A few hours later, I went on to production.

Houston, we have a problem

I started my production deployment. Since I had set the configuration variable earlier, I went straight to deploying the new code.

You may see what I did wrong now.

So my code change went to a batch of instances. I didn’t move to another batch though, as I was about to go to lunch. There was no rush to move forward right away, especially since deploying every instance can take several hours.

So I went to lunch, but came back a few minutes later as an alert had gone off.

Screenshot 2020-09-09 at 10

The spike you can see on this graph is HTTP 401 responses.

If you read carefully the previous section, you may have noticed that I set the new configuration variable in production, but didn’t apply it to the instances. So my deploy to a batch of servers didn’t have the new configuration variable, meaning we were making unauthenticated calls to a private API, which gave us 401 responses. Hence the 401s being sent back publicly.

Once I realized that, I ran the script to transmit the configuration variables to the instances, killed the impacted processes, which restarted using the updated configuration variables, and the problem was resolved.

Did I mess up?

An untrained eye could say “wow, you messed up bad. Why didn’t you run that command?”, and they would be right. Except they actually wouldn’t.

The problem isn’t that I forgot to run one command. It’s that the system has allowed me to go forward with the deployment when it could have helped me avoid the issue.

Before figuring out any solution, the real fix is to do a truly blameless retrospective. If we had been blaming me for forgetting to run a command instead of focusing on why the system still permitted the deployment, I would probably have felt unsafe reporting this issue, and we would not have been able to improve our systems so that this doesn’t happen again.

Then we can focus on solutions. In this specific case, we are going to merge the two steps of updating configuration variables and deploying code into a single step. That way there isn’t an additional step to remember to run from time to time.

If we didn’t want or were unable to merge the two steps, we could also have added a safeguard in the form of a confirmation warning if we’re trying to deploy the application’s code while configuration variables aren’t synchronized.
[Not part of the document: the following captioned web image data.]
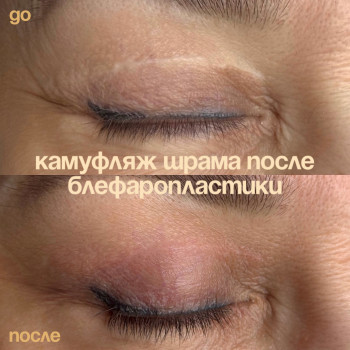 Удаление тату, татуажа, стрелок, перманентного макияжа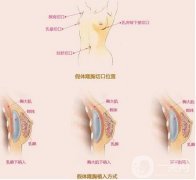 都說假體隆胸排異，這好處你可能還不知道!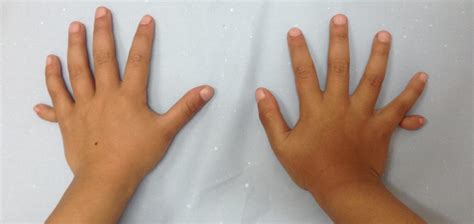 Visión palmar de la mano con polidactilia, con dificultad por limitación de extensión de muñeca.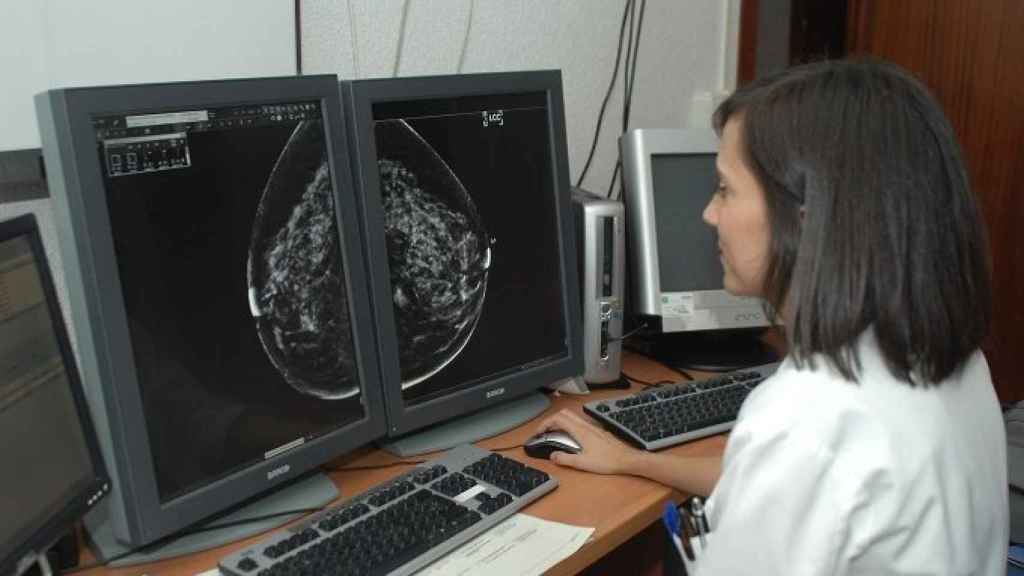 Especialista revisando una mamografía.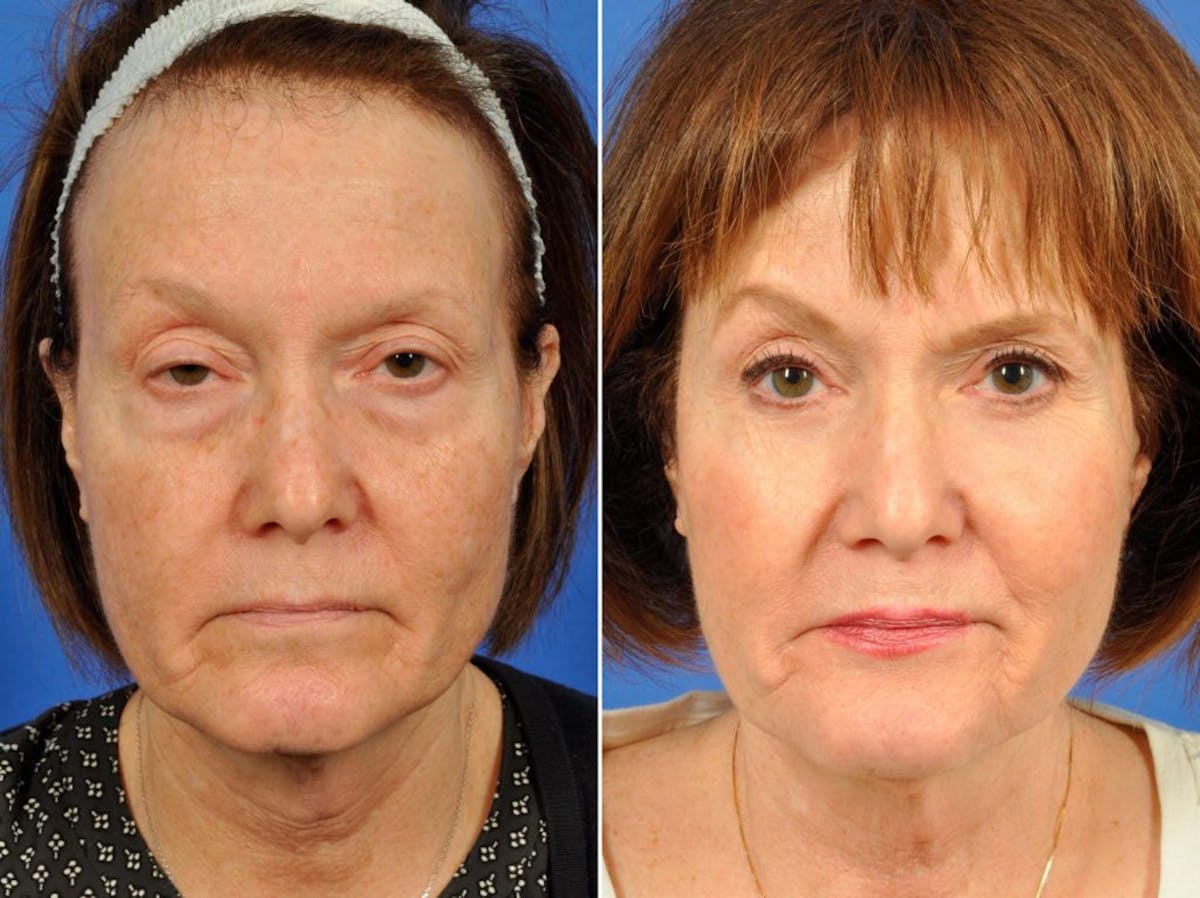 Blepharoplasty Before & After Gallery - Patient 178904 - Image 1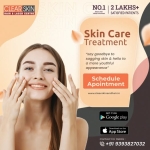 Laser Treatment For Birthmark Removal In India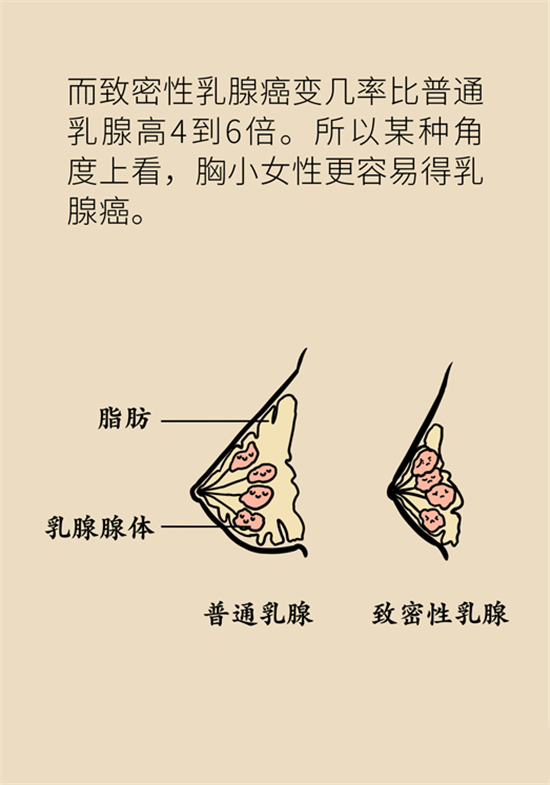 胸小是不是就不會患乳腺癌？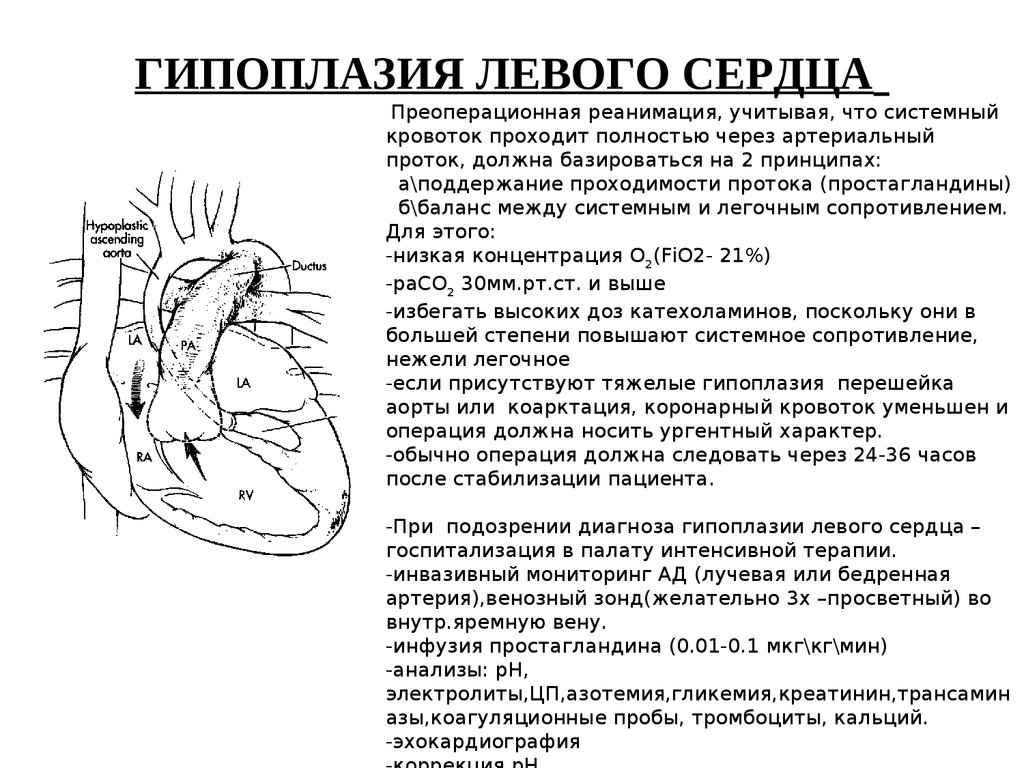 Разрыв межжелудочковой перегородки. Гипоплазия левого сердца.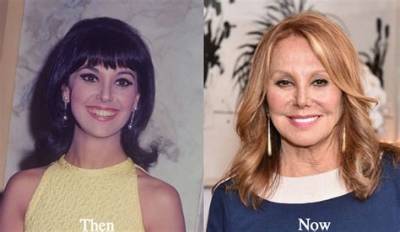 Know About Marlo Thomas Face Lift: Plastic Surgery Before and After, Kids and Husband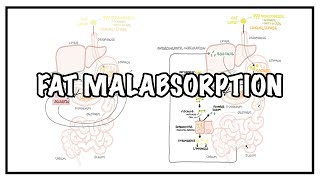 Approach to Fat malabsorption  signs and symptoms and causes [upl. by Tnafni]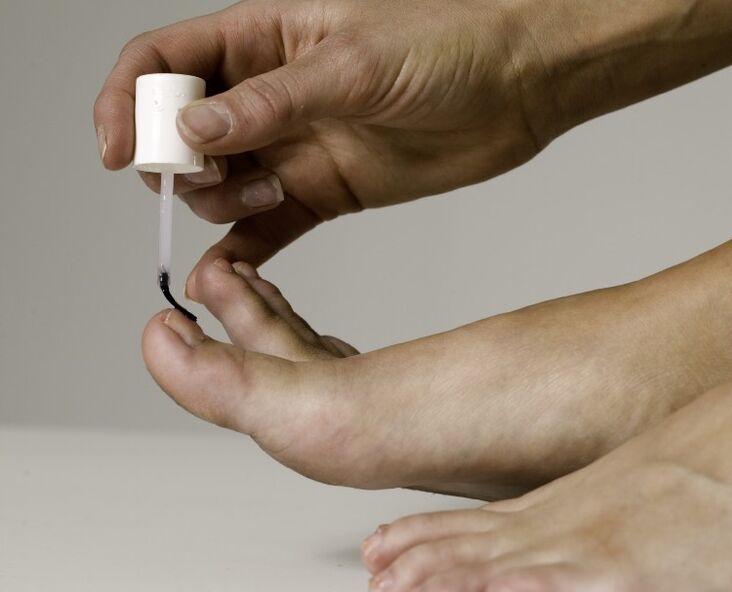 The use of medicinal varnish for the treatment and prevention of onychomycosis in the thumb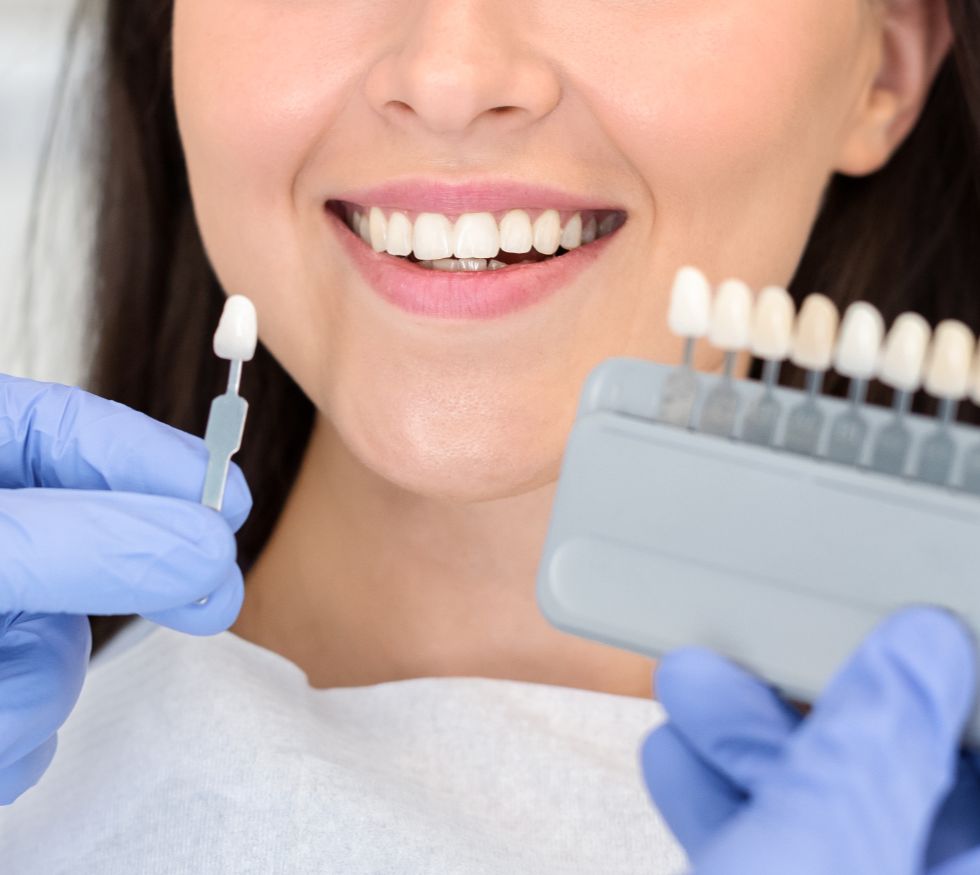 Carillas vs. resinas: ¿qué opción estética te conviene según tu caso?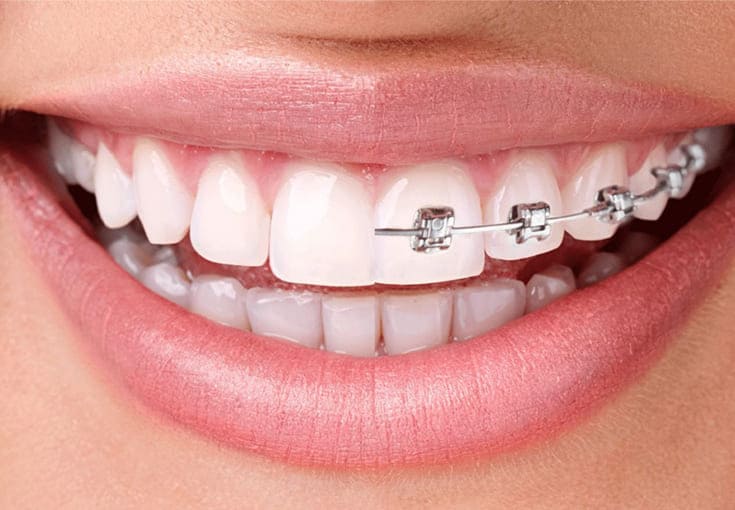 Orthodontics - Dental Clinic in Bodrum - Myndosdent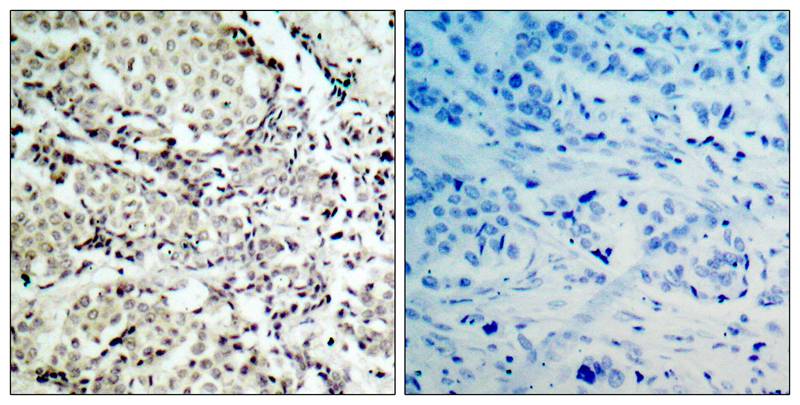 Rabbit Polyclonal Antibody to MKK3(Ab-189)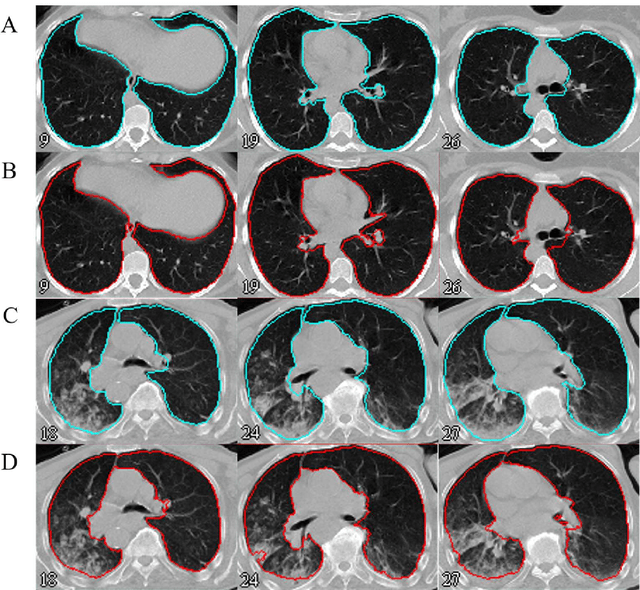 Figure 3 for Automated lung segmentation from CT images of normal and COVID-19 pneumonia patients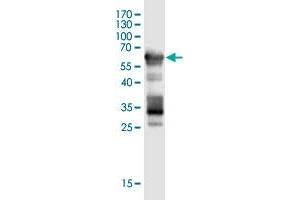 Western Blot detection against Immunogen (59. (SCML4 抗体  (AA 1-305))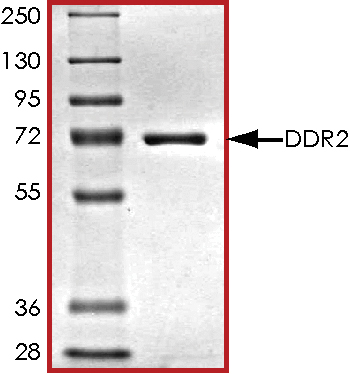 SDS-PAGE - Recombinant human DDR2 protein (AB96401), expandable thumbnail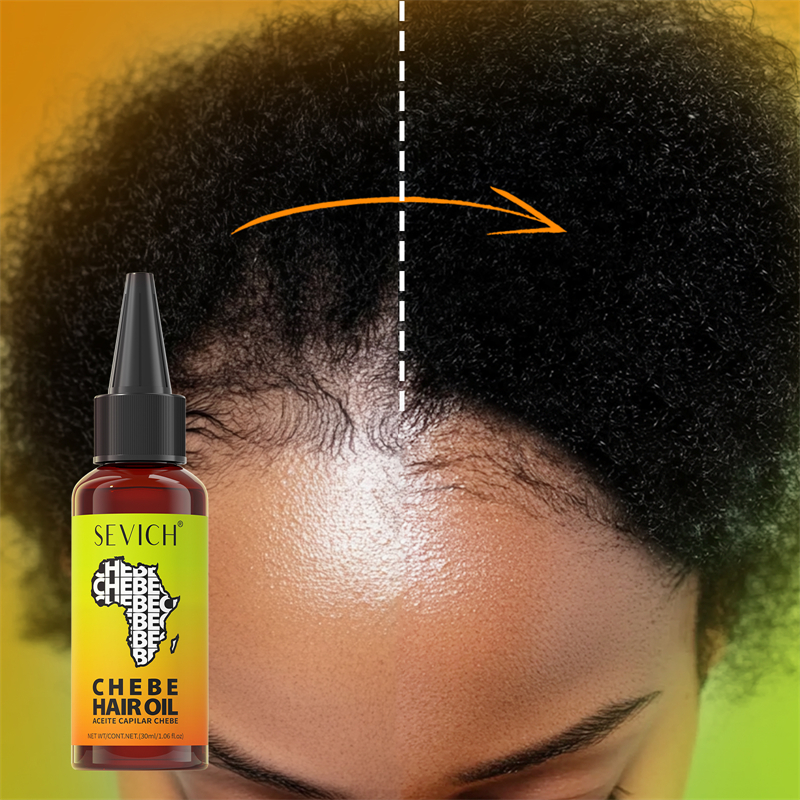 Chebe Fast Hair Growth Oil Afr – Hair Care Fragrance Essential Oil Bewertung und Preis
Computers are dumb, but they don’t make mistakes

Relying on humans to perform multiple manual actions, especially when some of them are only required rarely (we don’t change configuration variables often) is a recipe for incidents.

Our job as engineers is to build systems that avoid those human flaws, so we can do our human job of thinking about new things, and computers can do theirs: performing laborious and repetitive tasks.

This incident shows how a blameless culture benefits everyone in a company (and customers!). Yes, I messed up. But the fix is to improve the process, not to assign blame. We can’t expect folks to be robots who never make mistakes. Instead, we need to build a system that’s safe enough so those mistakes can’t happen.